=== Exercise aim ===
When you reach the line containing "847 W Wellington" in the entries below, begin reproducing lines exactly, and stop once the line containing "New 2025 Audi" is done.

=== Supplied information ===

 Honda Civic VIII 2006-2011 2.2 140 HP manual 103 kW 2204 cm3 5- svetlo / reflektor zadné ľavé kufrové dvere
...
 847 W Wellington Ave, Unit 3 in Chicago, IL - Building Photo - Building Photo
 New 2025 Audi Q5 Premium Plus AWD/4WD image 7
* * *
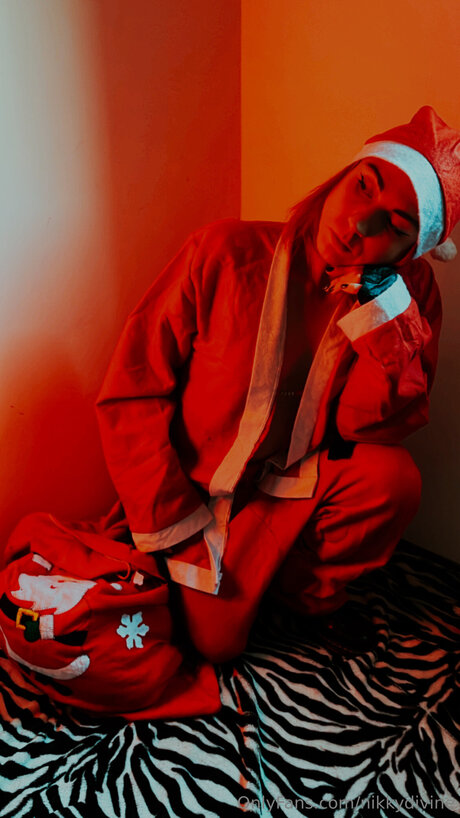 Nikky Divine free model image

=== Answer section ===
 847 W Wellington Ave, Unit 3 in Chicago, IL - Building Photo - Building Photo
 New 2025 Audi Q5 Premium Plus AWD/4WD image 7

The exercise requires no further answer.